# TASK GOAL:
Produce as output only the lines below starting at the line with "Смеситель для ванны" and continuing through the line with "Vintage Y2K Nike", each one exactly as written.

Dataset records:
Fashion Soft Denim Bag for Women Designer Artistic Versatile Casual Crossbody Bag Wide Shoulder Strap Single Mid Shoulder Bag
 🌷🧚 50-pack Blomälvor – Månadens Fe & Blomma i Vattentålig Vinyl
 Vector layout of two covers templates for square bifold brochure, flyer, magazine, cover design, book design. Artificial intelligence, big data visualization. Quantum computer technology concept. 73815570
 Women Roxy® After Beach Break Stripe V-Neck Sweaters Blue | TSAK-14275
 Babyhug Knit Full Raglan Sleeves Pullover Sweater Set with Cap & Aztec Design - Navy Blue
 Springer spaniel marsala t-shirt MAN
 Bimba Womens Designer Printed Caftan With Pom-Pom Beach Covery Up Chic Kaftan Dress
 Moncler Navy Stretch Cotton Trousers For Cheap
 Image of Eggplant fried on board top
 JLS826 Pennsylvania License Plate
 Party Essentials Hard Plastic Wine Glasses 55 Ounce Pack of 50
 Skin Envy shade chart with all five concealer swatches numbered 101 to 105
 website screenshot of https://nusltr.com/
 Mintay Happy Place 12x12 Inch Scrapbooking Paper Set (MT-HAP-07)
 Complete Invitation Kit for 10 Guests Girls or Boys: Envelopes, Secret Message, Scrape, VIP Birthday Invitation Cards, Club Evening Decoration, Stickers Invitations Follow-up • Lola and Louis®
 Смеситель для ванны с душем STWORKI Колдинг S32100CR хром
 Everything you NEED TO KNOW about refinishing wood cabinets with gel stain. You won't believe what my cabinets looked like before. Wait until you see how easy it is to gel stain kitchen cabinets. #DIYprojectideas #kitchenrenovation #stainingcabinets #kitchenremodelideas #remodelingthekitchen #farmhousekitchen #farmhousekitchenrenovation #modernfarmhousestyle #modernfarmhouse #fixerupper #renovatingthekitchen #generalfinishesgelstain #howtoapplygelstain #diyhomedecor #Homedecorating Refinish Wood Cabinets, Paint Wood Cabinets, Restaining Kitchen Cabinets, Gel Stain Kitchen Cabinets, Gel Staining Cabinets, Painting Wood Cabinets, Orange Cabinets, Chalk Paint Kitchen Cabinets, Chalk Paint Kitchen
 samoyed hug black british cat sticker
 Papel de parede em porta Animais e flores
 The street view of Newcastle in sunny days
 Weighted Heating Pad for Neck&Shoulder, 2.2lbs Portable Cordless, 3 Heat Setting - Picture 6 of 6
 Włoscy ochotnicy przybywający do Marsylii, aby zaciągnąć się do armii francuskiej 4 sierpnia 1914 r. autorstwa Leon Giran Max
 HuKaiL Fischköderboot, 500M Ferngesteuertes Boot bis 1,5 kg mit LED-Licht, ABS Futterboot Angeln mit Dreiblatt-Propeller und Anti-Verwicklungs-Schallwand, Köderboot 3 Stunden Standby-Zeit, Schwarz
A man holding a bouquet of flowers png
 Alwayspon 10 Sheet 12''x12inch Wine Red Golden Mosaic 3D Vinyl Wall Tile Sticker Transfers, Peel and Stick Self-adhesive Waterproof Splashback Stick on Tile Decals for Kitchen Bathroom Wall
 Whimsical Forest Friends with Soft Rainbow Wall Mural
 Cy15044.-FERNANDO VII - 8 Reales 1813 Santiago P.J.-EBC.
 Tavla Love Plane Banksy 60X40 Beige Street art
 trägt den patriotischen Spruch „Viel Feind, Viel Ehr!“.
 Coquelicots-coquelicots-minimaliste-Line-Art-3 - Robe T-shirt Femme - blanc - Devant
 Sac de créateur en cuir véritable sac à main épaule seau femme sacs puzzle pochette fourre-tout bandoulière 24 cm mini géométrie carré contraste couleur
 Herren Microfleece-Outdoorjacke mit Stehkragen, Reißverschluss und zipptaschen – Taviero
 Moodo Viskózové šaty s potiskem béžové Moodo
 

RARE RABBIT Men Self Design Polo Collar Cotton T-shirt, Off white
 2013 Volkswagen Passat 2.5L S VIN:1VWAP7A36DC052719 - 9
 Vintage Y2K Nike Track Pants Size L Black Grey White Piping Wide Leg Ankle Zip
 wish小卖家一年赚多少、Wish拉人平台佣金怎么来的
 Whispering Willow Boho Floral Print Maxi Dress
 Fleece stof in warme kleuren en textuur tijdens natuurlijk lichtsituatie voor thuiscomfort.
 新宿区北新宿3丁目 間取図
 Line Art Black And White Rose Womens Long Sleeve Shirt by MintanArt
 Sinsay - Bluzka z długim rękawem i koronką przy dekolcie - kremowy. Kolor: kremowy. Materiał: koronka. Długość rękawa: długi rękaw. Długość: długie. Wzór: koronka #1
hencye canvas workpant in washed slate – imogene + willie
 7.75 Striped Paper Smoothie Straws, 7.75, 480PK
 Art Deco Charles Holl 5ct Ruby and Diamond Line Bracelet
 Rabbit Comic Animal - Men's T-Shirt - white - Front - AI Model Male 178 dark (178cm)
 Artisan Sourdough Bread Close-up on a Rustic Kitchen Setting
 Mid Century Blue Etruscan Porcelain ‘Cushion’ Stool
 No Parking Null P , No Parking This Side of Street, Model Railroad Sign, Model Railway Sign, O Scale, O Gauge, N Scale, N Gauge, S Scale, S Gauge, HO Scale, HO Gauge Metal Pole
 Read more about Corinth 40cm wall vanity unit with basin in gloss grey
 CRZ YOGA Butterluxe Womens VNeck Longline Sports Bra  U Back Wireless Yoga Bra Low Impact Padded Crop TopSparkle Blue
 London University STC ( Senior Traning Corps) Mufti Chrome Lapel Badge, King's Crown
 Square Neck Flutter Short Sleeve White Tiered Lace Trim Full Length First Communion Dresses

# TASK RESPONSE:
 Смеситель для ванны с душем STWORKI Колдинг S32100CR хром
 Everything you NEED TO KNOW about refinishing wood cabinets with gel stain. You won't believe what my cabinets looked like before. Wait until you see how easy it is to gel stain kitchen cabinets. #DIYprojectideas #kitchenrenovation #stainingcabinets #kitchenremodelideas #remodelingthekitchen #farmhousekitchen #farmhousekitchenrenovation #modernfarmhousestyle #modernfarmhouse #fixerupper #renovatingthekitchen #generalfinishesgelstain #howtoapplygelstain #diyhomedecor #Homedecorating Refinish Wood Cabinets, Paint Wood Cabinets, Restaining Kitchen Cabinets, Gel Stain Kitchen Cabinets, Gel Staining Cabinets, Painting Wood Cabinets, Orange Cabinets, Chalk Paint Kitchen Cabinets, Chalk Paint Kitchen
 samoyed hug black british cat sticker
 Papel de parede em porta Animais e flores
 The street view of Newcastle in sunny days
 Weighted Heating Pad for Neck&Shoulder, 2.2lbs Portable Cordless, 3 Heat Setting - Picture 6 of 6
 Włoscy ochotnicy przybywający do Marsylii, aby zaciągnąć się do armii francuskiej 4 sierpnia 1914 r. autorstwa Leon Giran Max
 HuKaiL Fischköderboot, 500M Ferngesteuertes Boot bis 1,5 kg mit LED-Licht, ABS Futterboot Angeln mit Dreiblatt-Propeller und Anti-Verwicklungs-Schallwand, Köderboot 3 Stunden Standby-Zeit, Schwarz
A man holding a bouquet of flowers png
 Alwayspon 10 Sheet 12''x12inch Wine Red Golden Mosaic 3D Vinyl Wall Tile Sticker Transfers, Peel and Stick Self-adhesive Waterproof Splashback Stick on Tile Decals for Kitchen Bathroom Wall
 Whimsical Forest Friends with Soft Rainbow Wall Mural
 Cy15044.-FERNANDO VII - 8 Reales 1813 Santiago P.J.-EBC.
 Tavla Love Plane Banksy 60X40 Beige Street art
 trägt den patriotischen Spruch „Viel Feind, Viel Ehr!“.
 Coquelicots-coquelicots-minimaliste-Line-Art-3 - Robe T-shirt Femme - blanc - Devant
 Sac de créateur en cuir véritable sac à main épaule seau femme sacs puzzle pochette fourre-tout bandoulière 24 cm mini géométrie carré contraste couleur
 Herren Microfleece-Outdoorjacke mit Stehkragen, Reißverschluss und zipptaschen – Taviero
 Moodo Viskózové šaty s potiskem béžové Moodo
 

RARE RABBIT Men Self Design Polo Collar Cotton T-shirt, Off white
 2013 Volkswagen Passat 2.5L S VIN:1VWAP7A36DC052719 - 9
 Vintage Y2K Nike Track Pants Size L Black Grey White Piping Wide Leg Ankle Zip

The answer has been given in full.